# Aim of the exercise:
Copy out exactly the lines spanning the line with "NWT New Collection" to the line with "White girl brown", inclusive, from the data underneath, with no pictures.
========================================
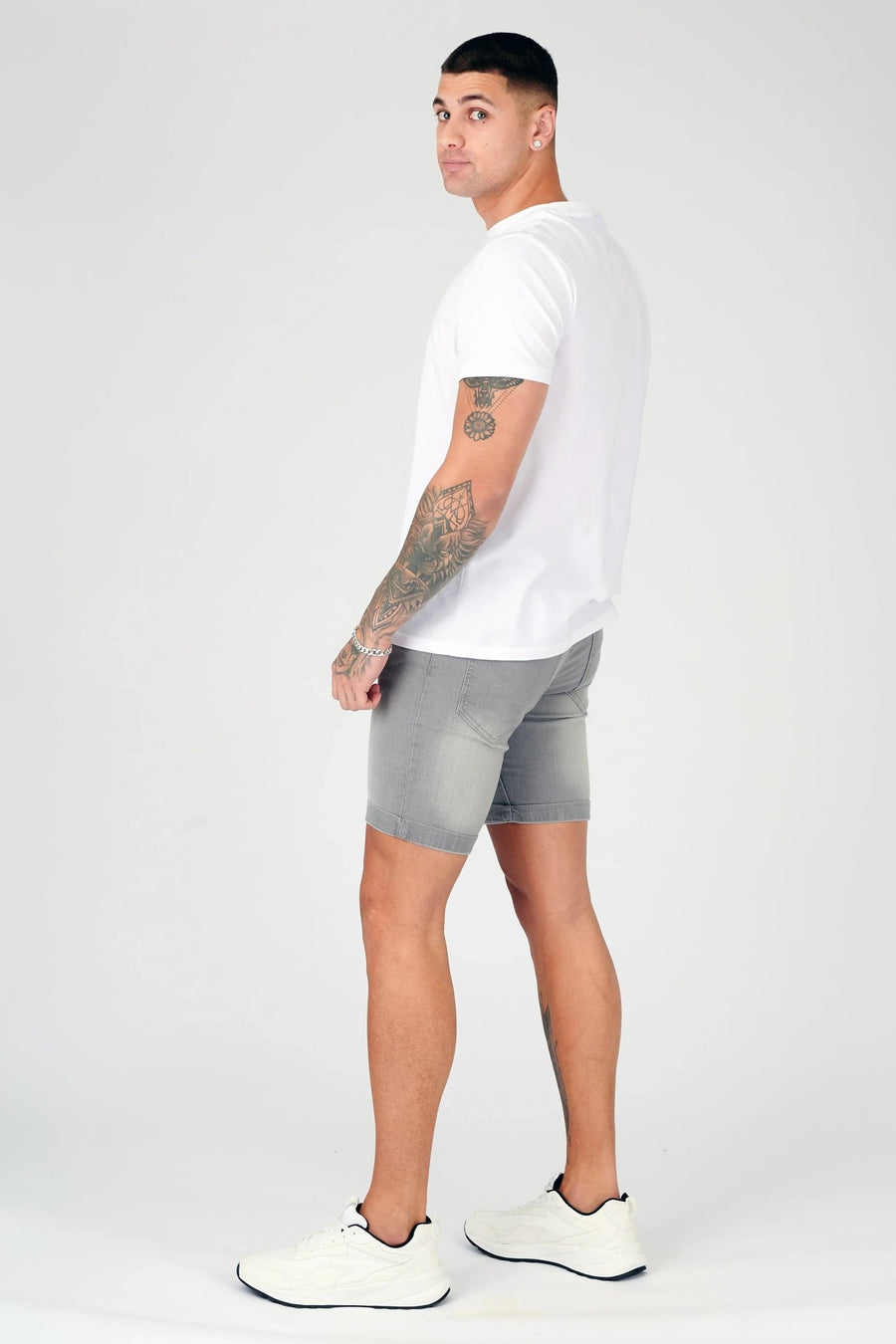 SKINNY DENIM SHORTS - GREY - JMOJO - Men's Denim Shorts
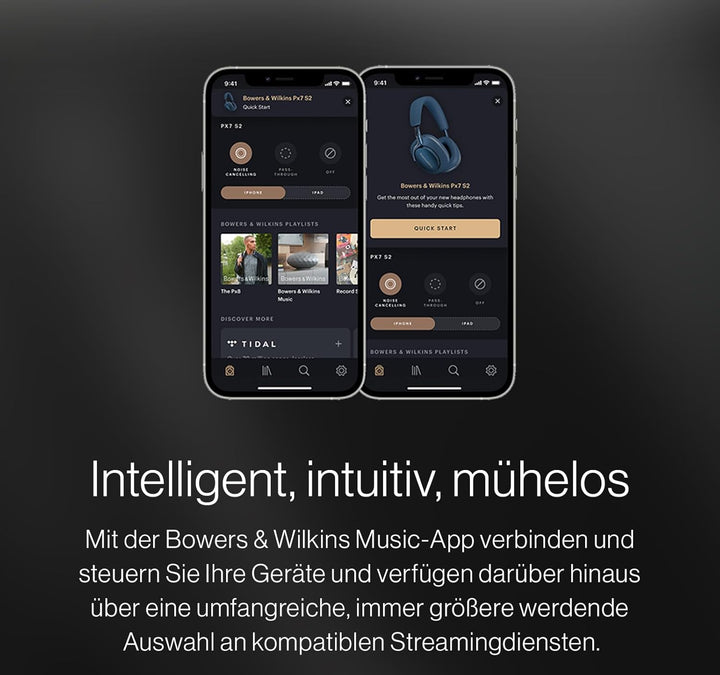 Bowers & Wilkins Px7 S2e Over-Ear-Kopfhörer mit Geräuschunterdrückung, kabellos, Qualcomm aptX™ Adap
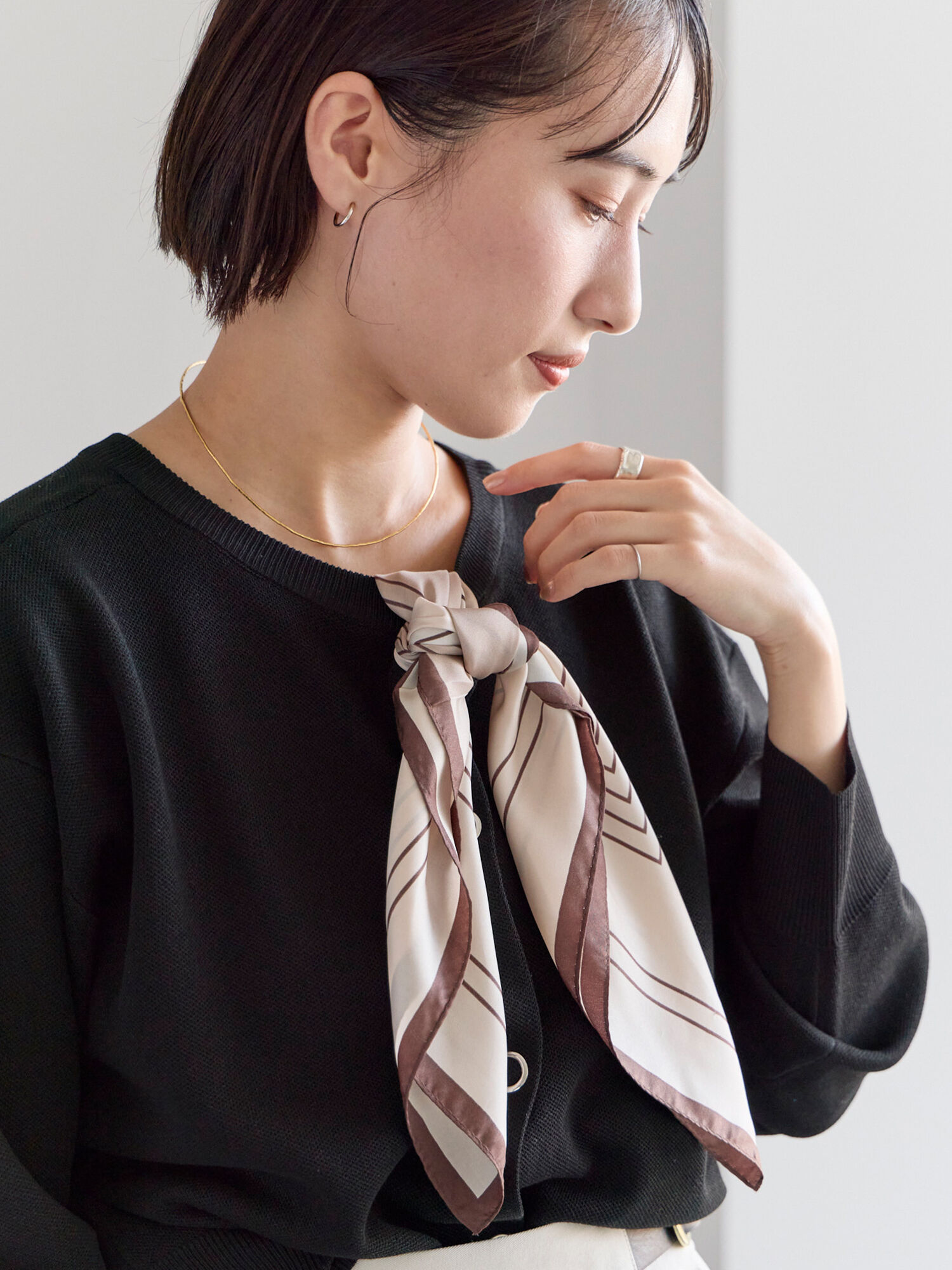 スカーフ入り額 幾何柄シルクスカーフ（ベージュ/イエロー/ブルー/アクセサリー/その他
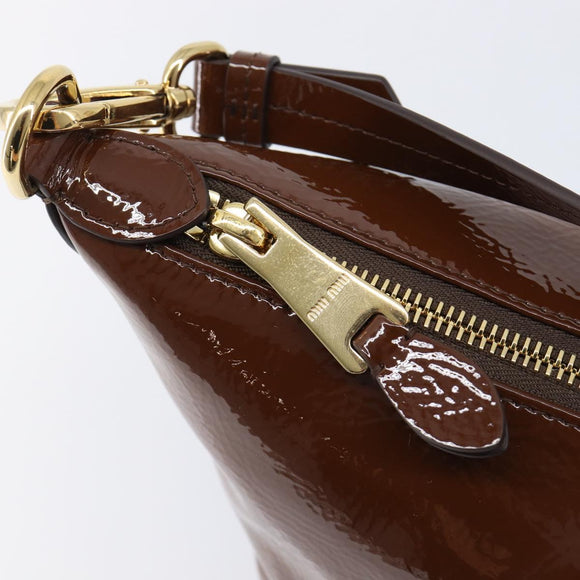 Miu Miu Shoulder Bag Patent Leather Brown Gold Auth mr3256V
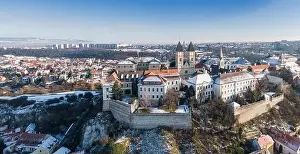 Veszpremi Var Prints: Aerial view of Castle in Veszprem in winter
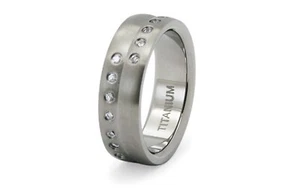 8mm Men's Titanium Ring Band Asymmetrical CZ Stones Brushed Comfort Fit - Picture 1 of 2
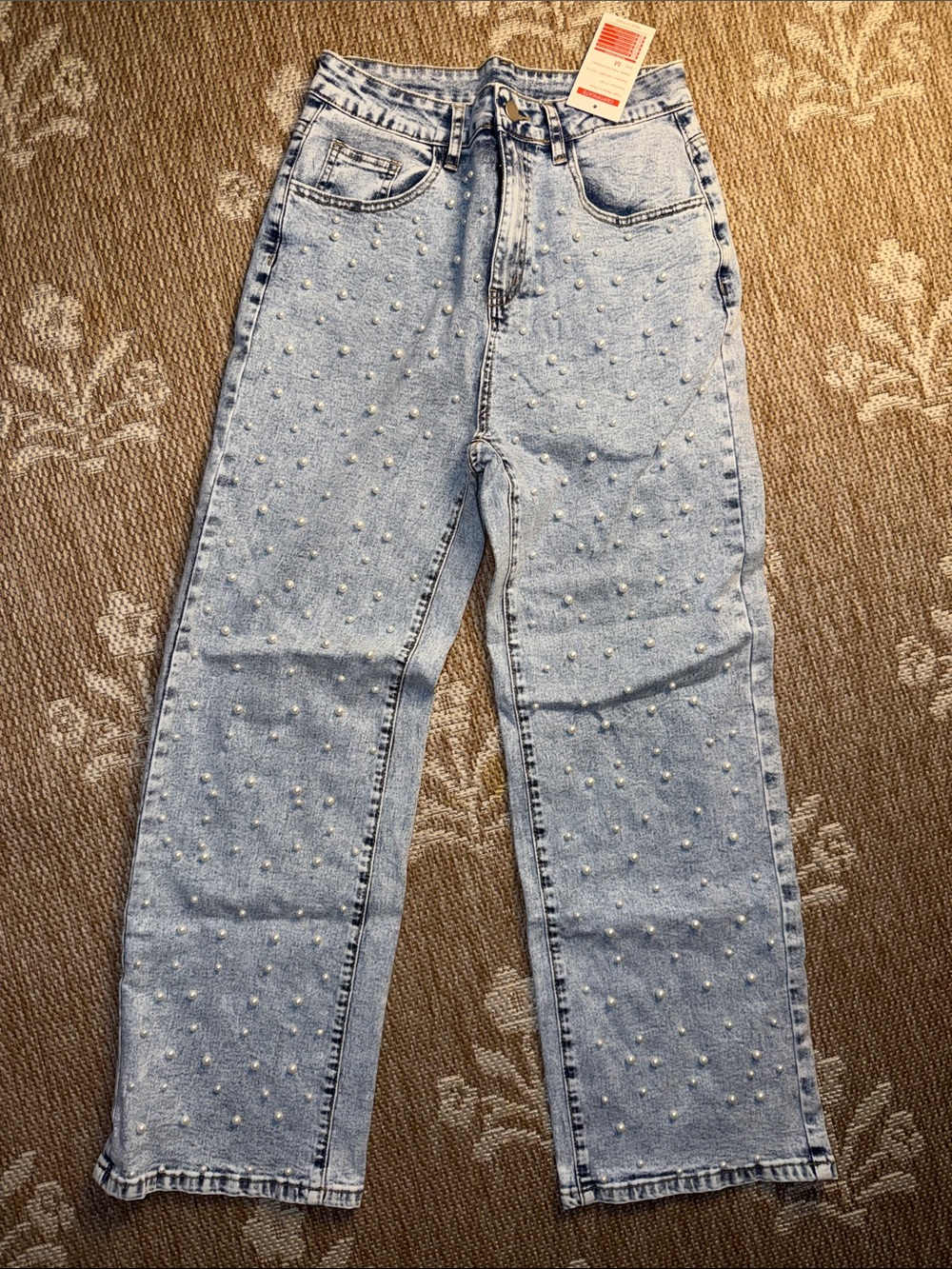 NWT New Collection Light Blue Pearl-Embellished High-Rise Women’s Jeans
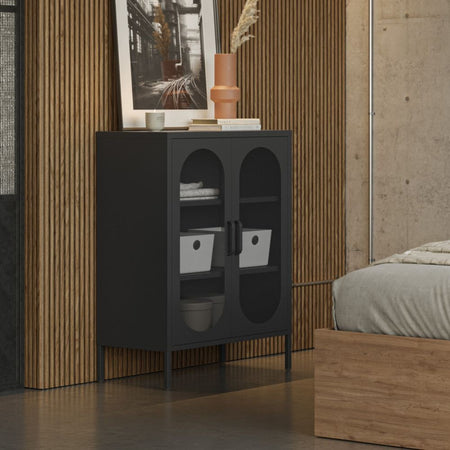 Mobile multiuso Diora in metallo con 2 ante colore nero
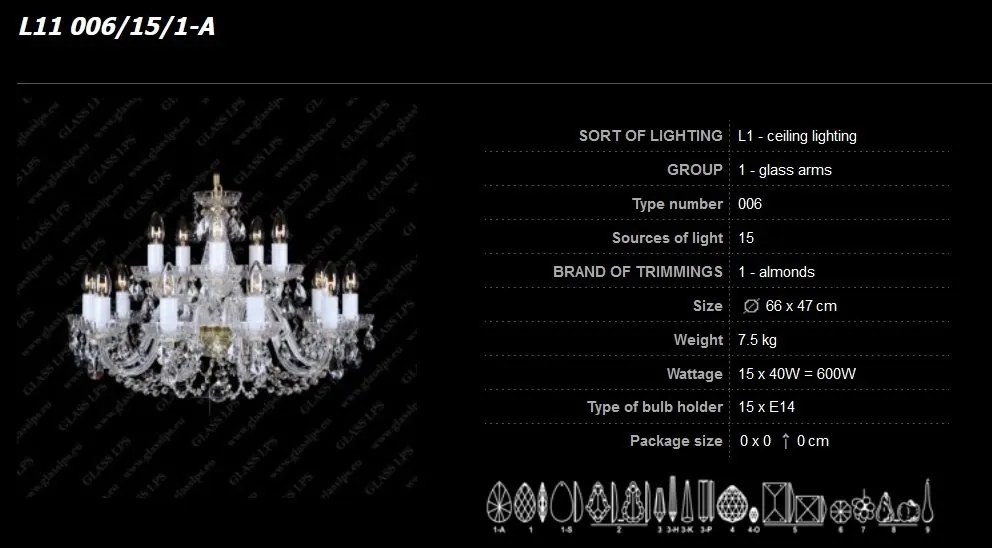 Lustra 15 brate cristal Bohemia L11 006/15/1-A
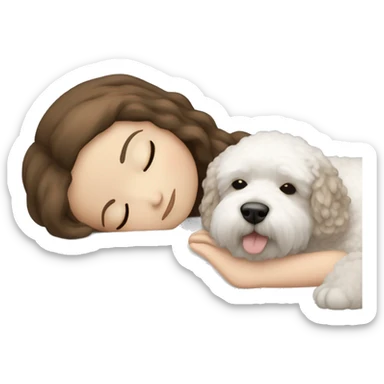 White girl brown hair sleeping with Mini Bichon sticker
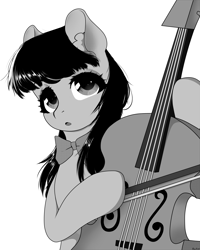 Size: 4000x5000 | Tagged: safe, artist:rise_of_evil_69, octavia melody, earth pony, pony, g4, background pony, black and white, bowtie, cello, cute, female, grayscale, looking at you, manga, mare, monochrome, musical instrument, open mouth, simple background, solo, white background, windswept mane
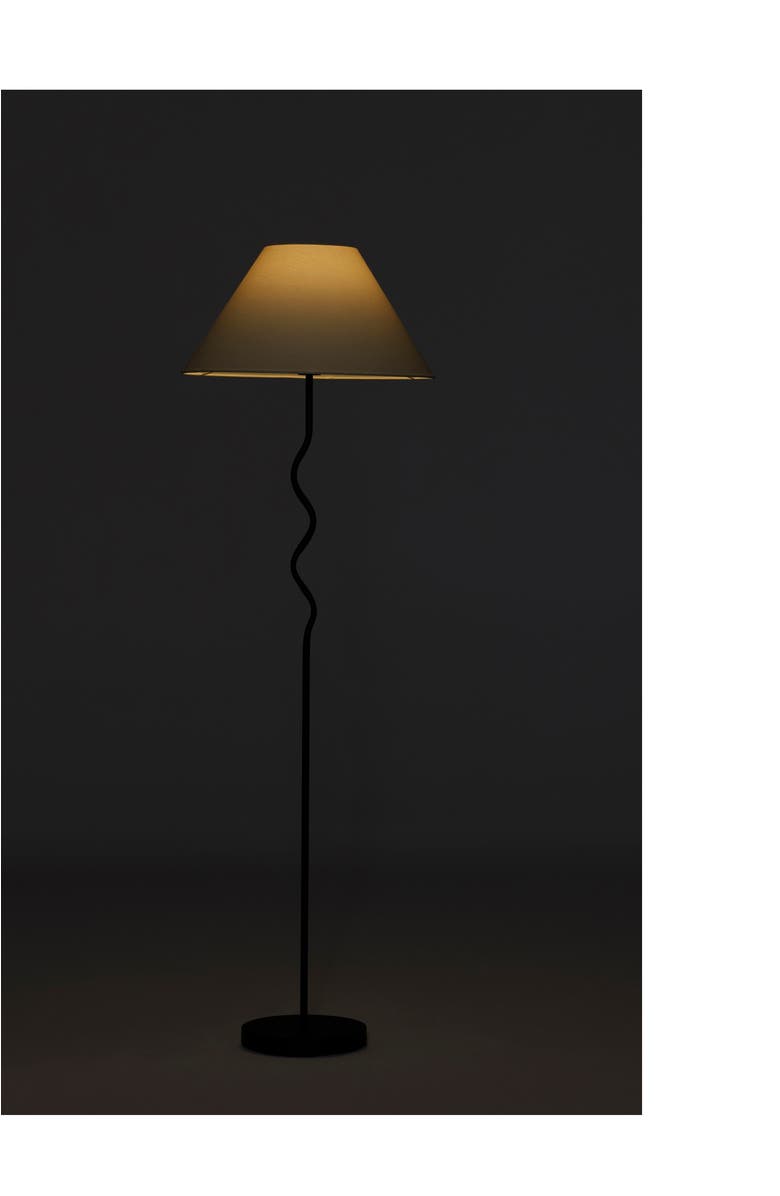 Brightech Squiggle 62" LED Modern Wavy Floor Lamp with Fabric Shade, Bulb Included, Alternate, color, Classic Black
========================================
# Exercise response:
 NWT New Collection Light Blue Pearl-Embellished High-Rise Women’s Jeans
 Mobile multiuso Diora in metallo con 2 ante colore nero
 Lustra 15 brate cristal Bohemia L11 006/15/1-A
 White girl brown hair sleeping with Mini Bichon sticker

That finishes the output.